The appearance of such dependence may suggest, that number of missing values in a dataset may be a contributing factor to the efficiency of an imputation method combined with a classification model.
### Summary and conclusions
The conclusions from this study can be divided into those, that apply to choose the best imputation method if the model is imposed, and those which can help to choose a classification model in the first place.
#### Choosing an imputation for a model
The choice of the best imputation technique for a particular classification model is not a simple task and it should be made considering a multitude of factors. From this study it seems that the best methods for the following models are:
* Rpart - VIM knn
* Naive Bayes - MICE pmm
* Ranger - VIM hotdeck and softImpute
* LDA - VIM hotdeck
* KKNN - mean/mode imputation
This results may be affected by the specificity of the datasets and should not be treated as final recommendations.
However, when reliability is needed, the only method we do not recommend is MICE pmm - it failed to impute 4 of the 14 datasets.
#### Choosing a model
It is worth noting, that from all the models, only Rpart and Naive Bayes managed to perform on those datasets, that MiCE failed to impute, despite the fact, that they still had missing values. Besides, Naive Bayes was able to perform on every single one of the 14 datasets, which makes it the champion of this study, as far as the reliability of the model is concerned.

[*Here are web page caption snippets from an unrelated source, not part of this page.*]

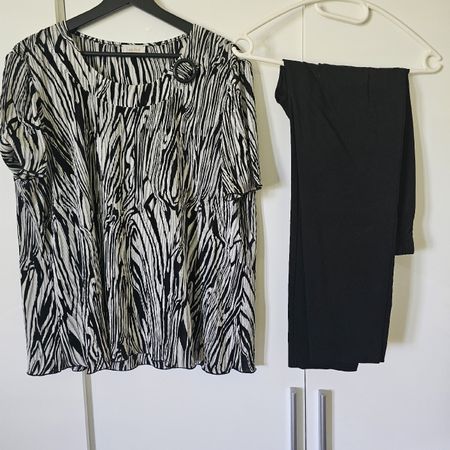 Damen Set  gemustert Hose schwarz 2-teil46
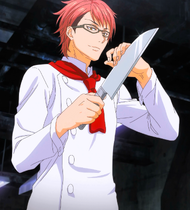 Kōjiro holding a knife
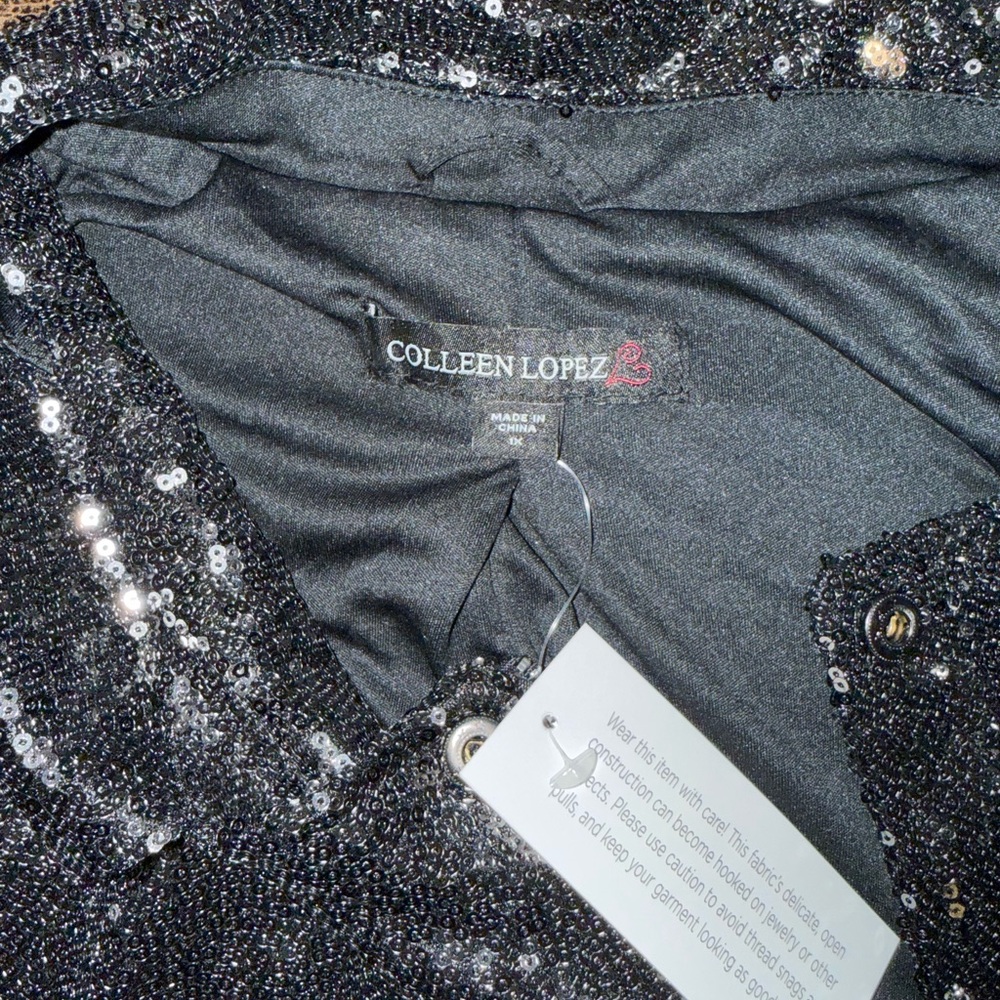 Colleen Lopez Black Sequin Utility Jacket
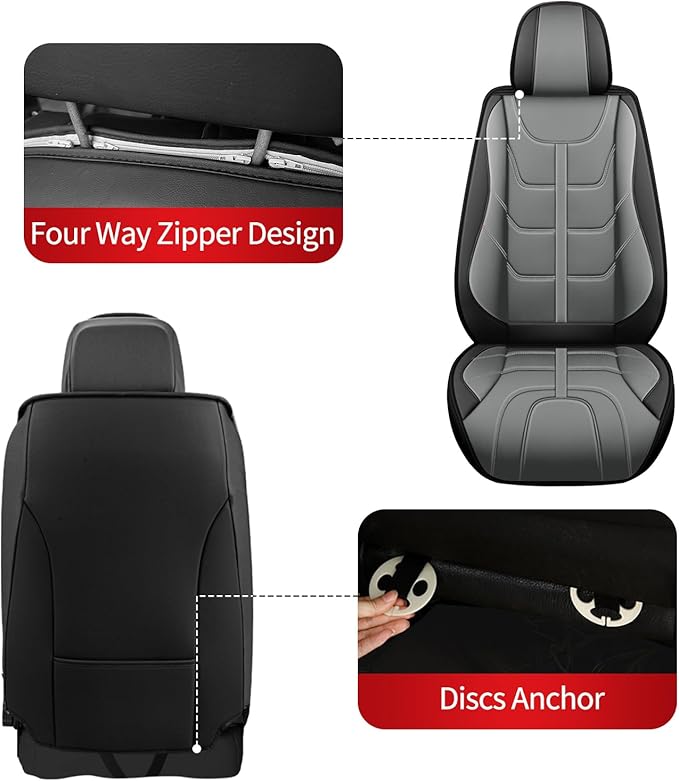 TTX LIGHTING Car Seat Covers fit for Ford Mustang 2007-2022 Front Seat: Premium Leather Automotive Seat Cover with Airbag Compatible Waterproof (2 Seats, Black & Gray)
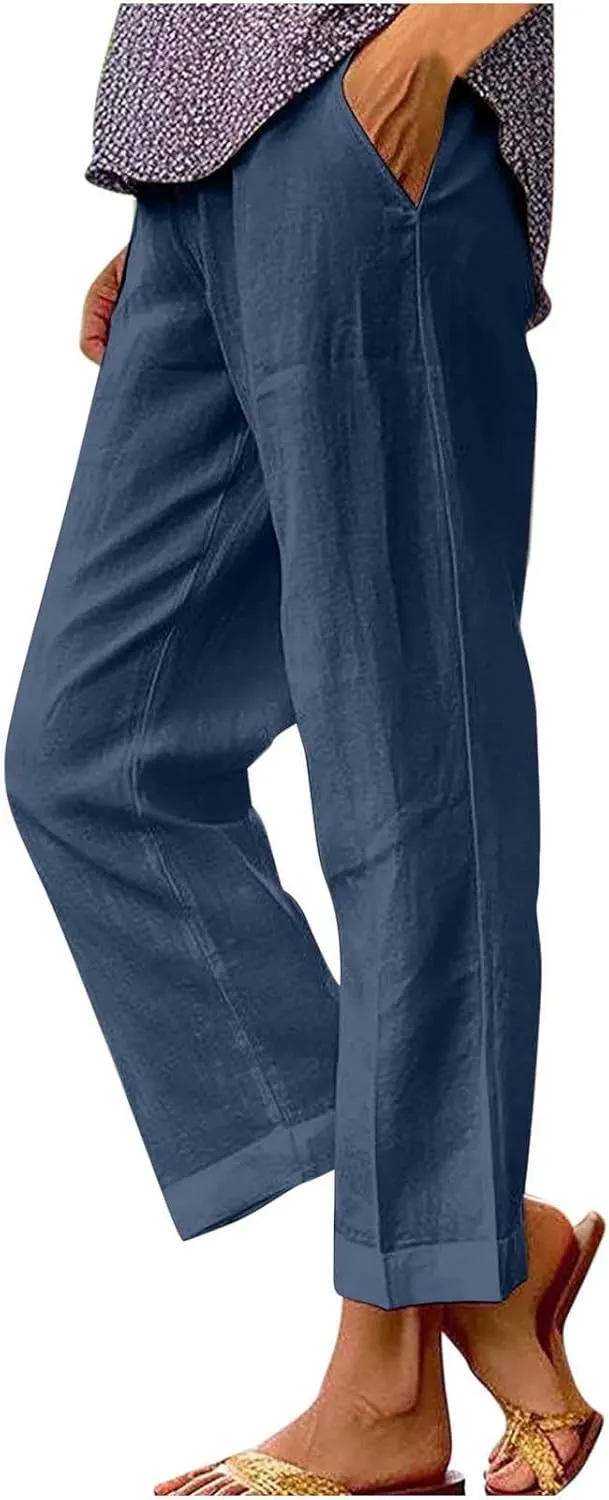 TARIENDY Cotton Linen Pants for Women Loose Fit Summer Casual Trousers Trendy Plus Size Wide Leg Beach Vacation Outfits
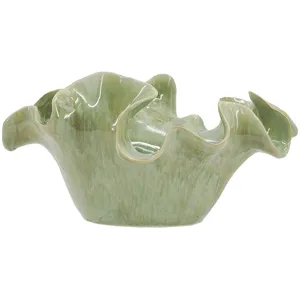 Sage Ruffled Ceramic Bowl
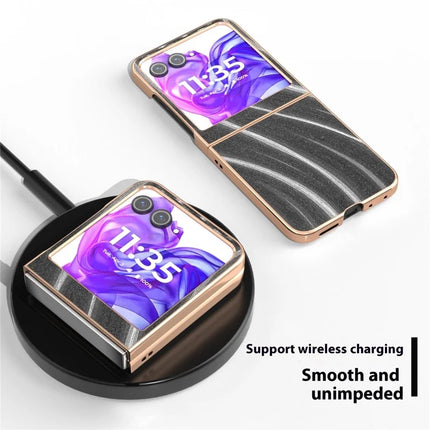 For Motorola Razr 50 5G Case Electroplating Phone Cover Milky Way Pattern PU+TPU Protective Case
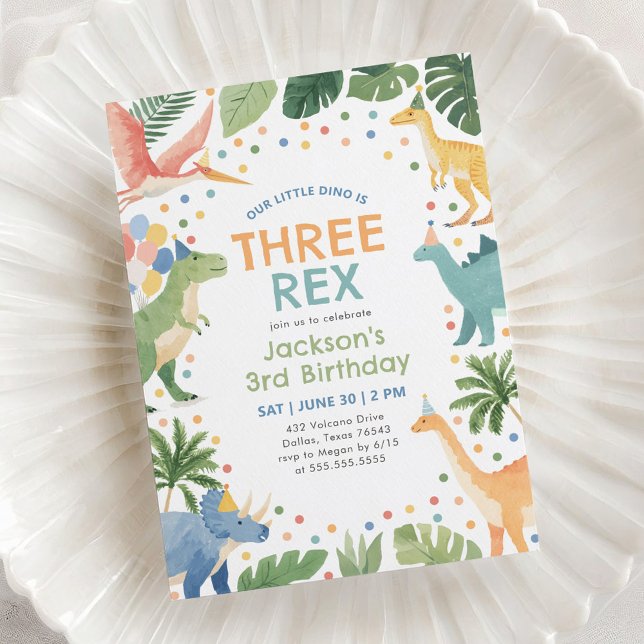 Tre Rex Dinosaur 3:e födelsedagen Inbjudningar (Skapare uppladdad)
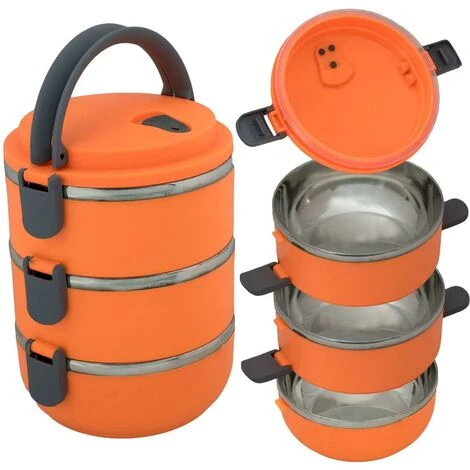 3 Layer Tier Stainless Steel Portable Stackable Lunch BPA Free Bento Food Box - Image 3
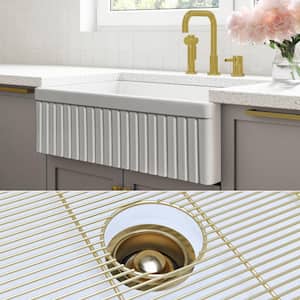 Luxury White Solid Fireclay 33 in. Single Bowl Farmhouse Apron Kitchen Sink with Matte Gold Accs and Fluted Front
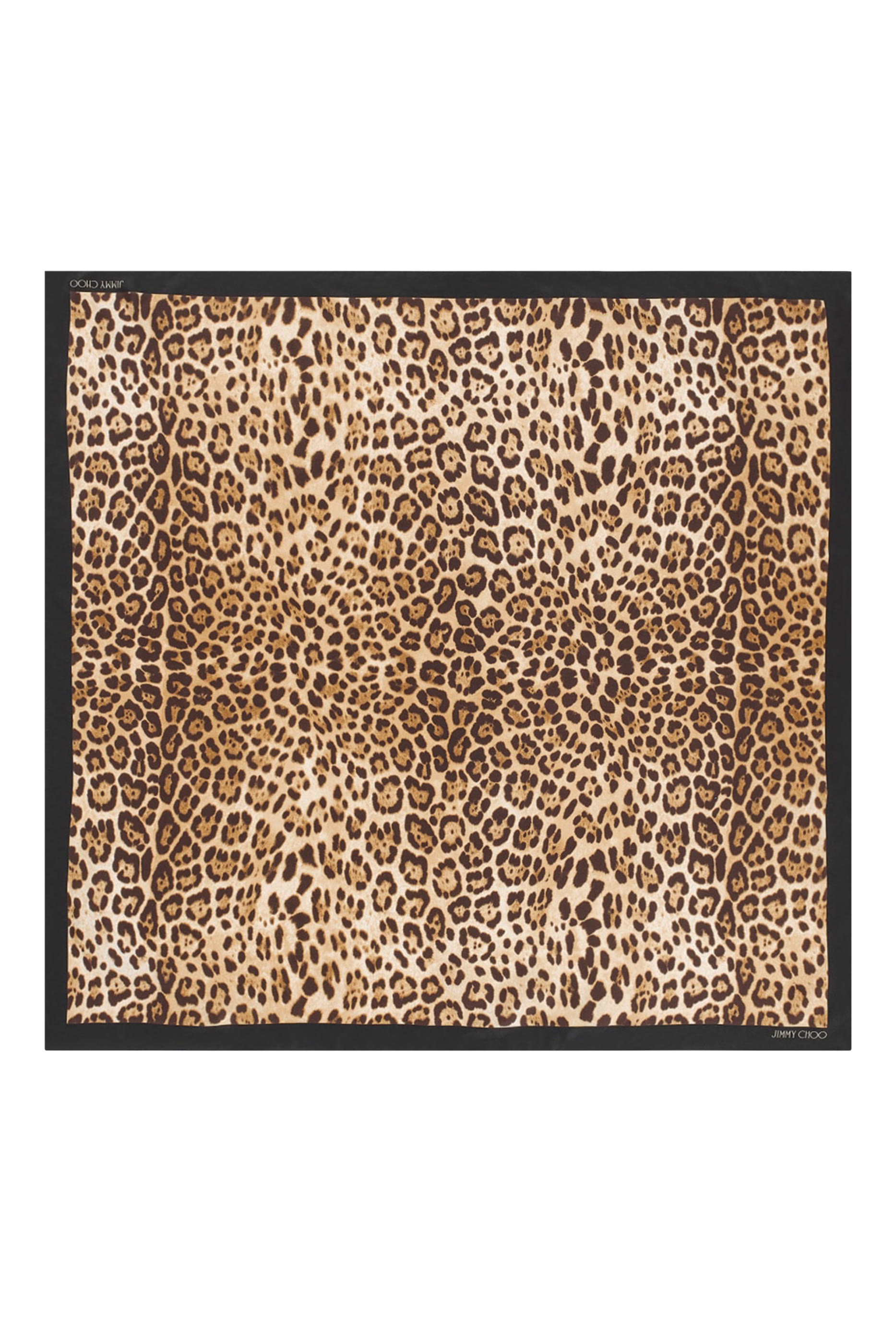 Natural Leopard Print Silk Foulard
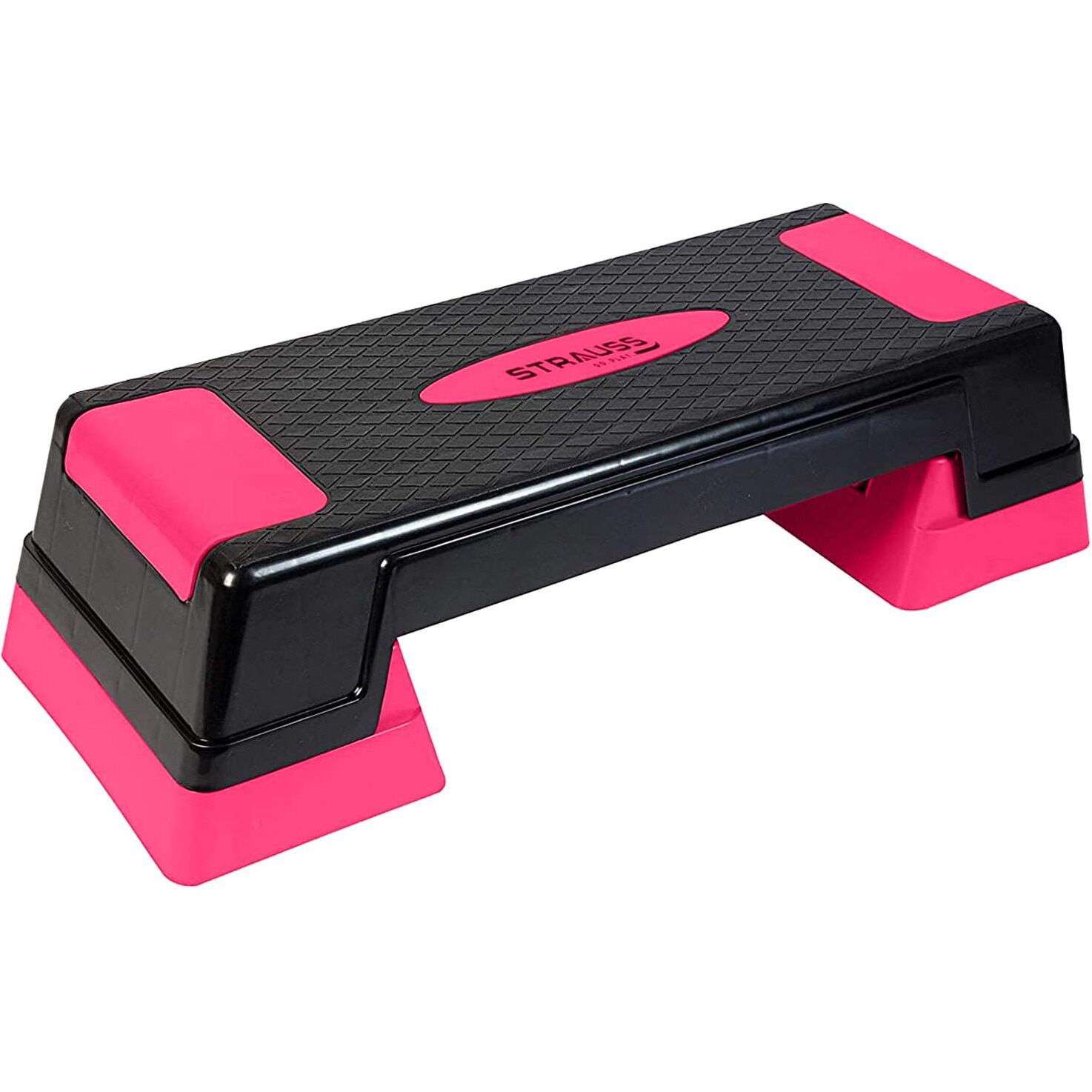 Strauss High Rise Aerobic Stepper | Two Height Level Adjustments - 6 inches and 8 inches | Slip-Resistant & Shock Absorbing Platform for Extra-Durability - Supports Upto 200 KG, (Pink)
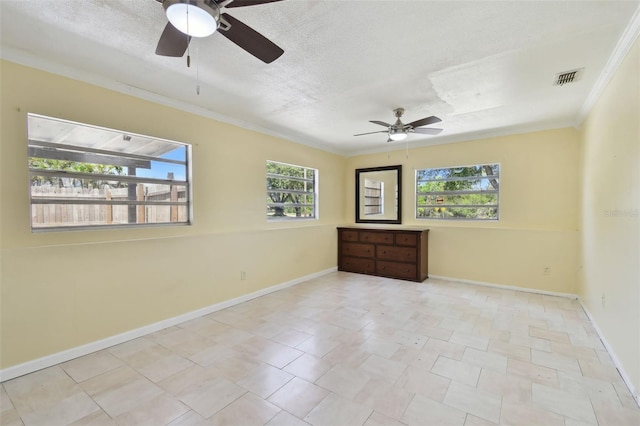 1810 77th Ave N, Saint Petersburg, FL 33702 - empty room featuring a ceiling fan, crown molding, baseboards, and a textured ceiling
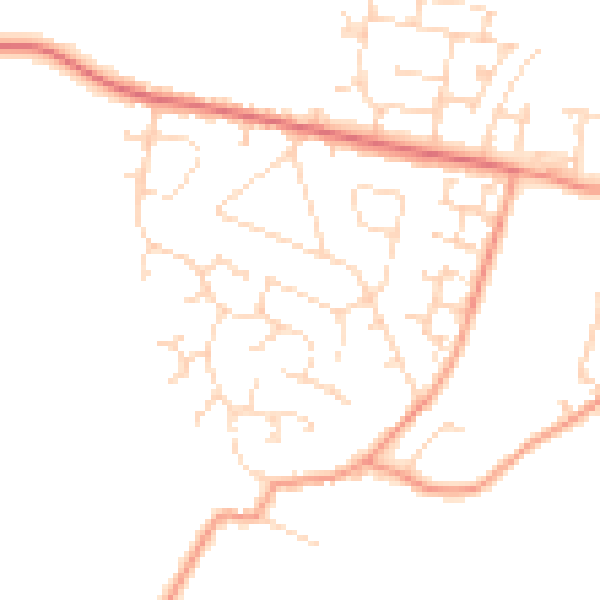Daytime road noise heatmap for NN11 3SR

When choosing a classification model for a dataset with the percentage of missing values, Weighted KNN, Ranger and Naive Bayes may provide better results than Rpart and LDA models.
#### Further reseach
There probably is no one imputation method that exceeds all the others in the matters discussed in this study. Although, further research, based on more datasets and imputation techniques, could help to provide more clearer guidelines for when to choose which imputation method, taking more than just the classification model used into consideration and when to choose which classification model.